Halfback Wally Gilbert's punting ability was a field possession weapon for Kelley–Duluth.

NFL standings
| view; talk; edit; | W | L | T | PCT | PF | PA | STK |
| Canton Bulldogs | 11 | 0 | 1 | 1.000 | 246 | 19 | W5 |
| Chicago Bears | 9 | 2 | 1 | .818 | 123 | 35 | W1 |
| Green Bay Packers | 7 | 2 | 1 | .778 | 85 | 34 | W5 |
| Milwaukee Badgers | 7 | 2 | 3 | .778 | 100 | 49 | W1 |
| Cleveland Indians | 3 | 1 | 3 | .750 | 52 | 49 | L1 |
| Chicago Cardinals | 8 | 4 | 0 | .667 | 161 | 56 | L1 |
| Duluth Kelleys | 4 | 3 | 0 | .571 | 35 | 33 | L3 |
| Buffalo All-Americans | 5 | 4 | 3 | .556 | 94 | 43 | L1 |
| Columbus Tigers | 5 | 4 | 1 | .556 | 119 | 35 | L1 |
| Toledo Maroons | 3 | 3 | 2 | .500 | 35 | 66 | L1 |
| Racine Legion | 4 | 4 | 2 | .500 | 86 | 76 | W1 |
| Rock Island Independents | 2 | 3 | 3 | .400 | 84 | 62 | L1 |
| Minneapolis Marines | 2 | 5 | 2 | .286 | 48 | 81 | L1 |
| St. Louis All-Stars | 1 | 4 | 2 | .200 | 25 | 74 | L1 |
| Hammond Pros | 1 | 5 | 1 | .167 | 14 | 59 | L4 |
| Akron Pros | 1 | 6 | 0 | .143 | 25 | 74 | W1 |
| Dayton Triangles | 1 | 6 | 1 | .143 | 16 | 95 | L2 |
| Oorang Indians | 1 | 10 | 0 | .091 | 50 | 257 | W1 |
| Louisville Brecks | 0 | 3 | 0 | .000 | 0 | 90 | L3 |
| Rochester Jeffersons | 0 | 4 | 0 | .000 | 6 | 141 | L4 |

==Roster==

Duluth end Dick O'Donnell was named a third team NFL All-Pro in 1923 by a vote of 15 sportswriters from NFL cities.

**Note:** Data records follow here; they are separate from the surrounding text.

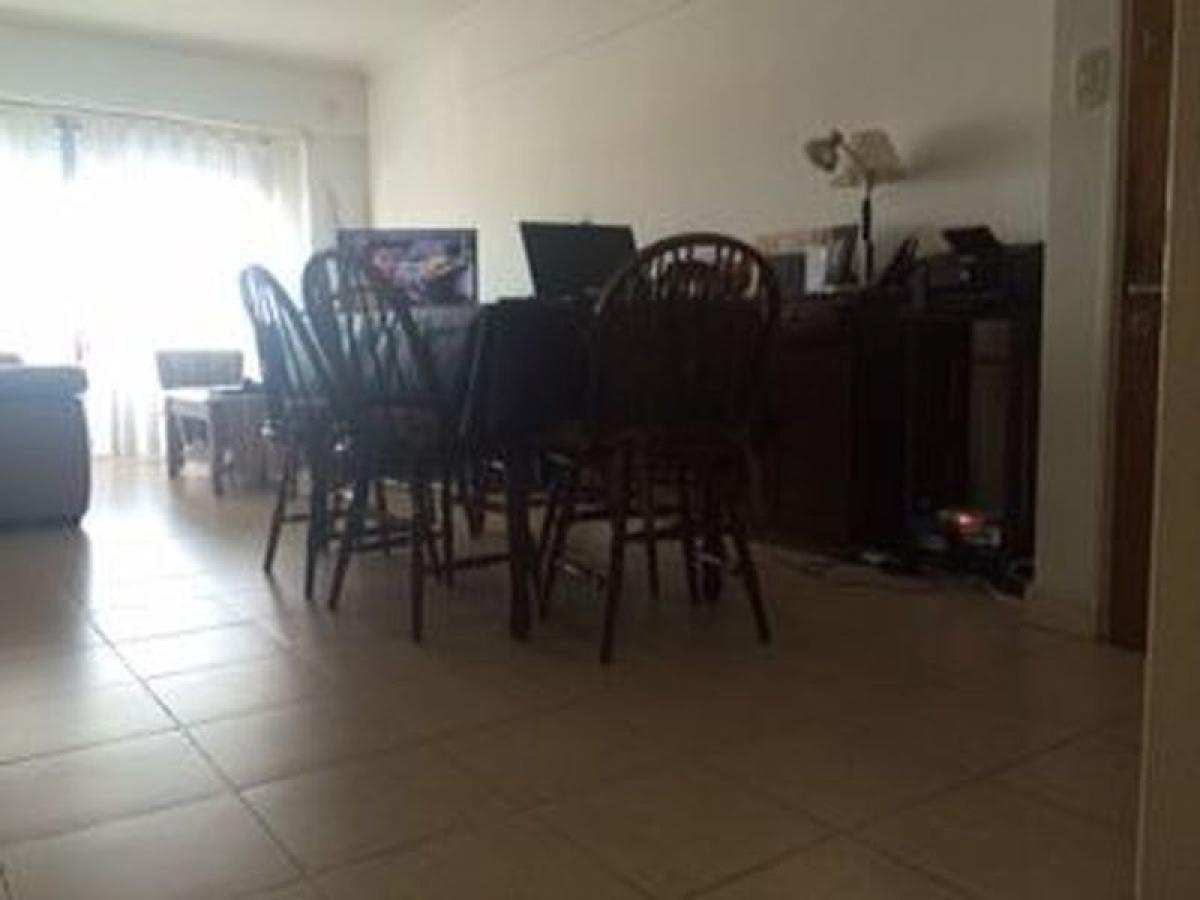 Studio in Mar del Plata, Argentina No. 102717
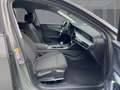 Audi A6 AVANT 50 2.0 TFSI e PLUG-IN Grau - thumbnail 8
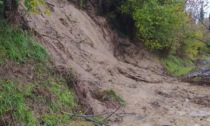 Alluvione: quando l'agricoltura difende le città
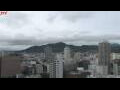Webcam Sapporo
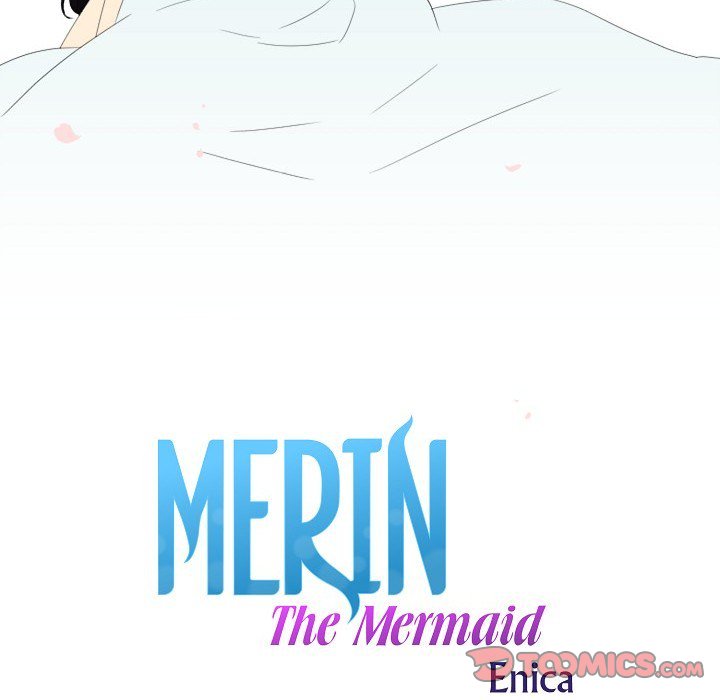 Read manga Merin The Mermaid - Chapter 29 - fJakQIgsOPMM7lm - ManhwaXXL.com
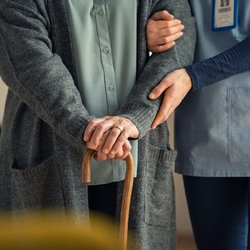 Bellestar Home Health Care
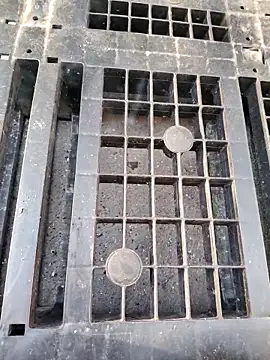 Ethangay online show from 04-10-26, 06:20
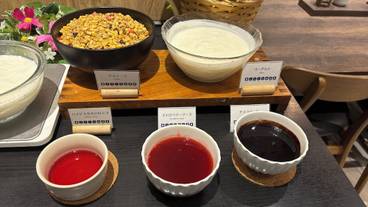 レストラン / 19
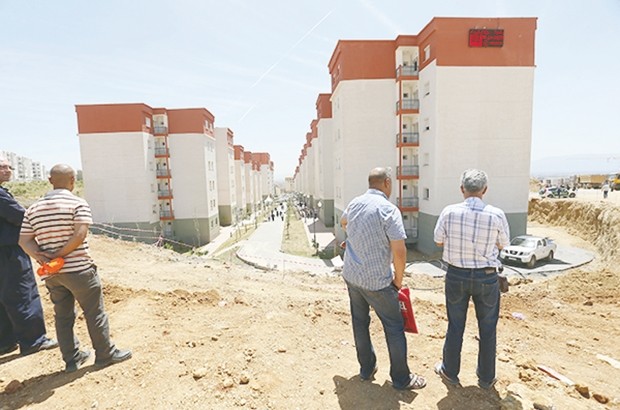 Polémique sur le versement de la 2e tranche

The 1923 Kelleys featured Joe Sternaman, younger brother of Dutch Sternaman — co-owner and offensive star of the Chicago Bears. The following individuals played at least one game with Kelley-Duluth during the 1923 season. The total number of NFL league games played during the year follows in parentheses.

Linemen

- Roddy Dunn (2)
- Ike Haaven (3)
- Art Johnson (7)
- Howard Kiley (7) †
- Lake
- Louchs †
- John Madigan (7) †
- Red Morse (1)
- Dick O'Donnell (7) †
- Joe Rooney (7) †
- Bill Stein (6)
- Whitmore †
- Doc Williams (6) †

Backs

- Wally Gilbert (7) †
- Ken Harris (6) †
- Mickey MacDonnell (1)
- Russ Method (7) †
- Bill Rooney (5)
- Joey Sternaman - captain (7) †

 †- Designates a starter in the non-league season opener against Ironwood, Michigan.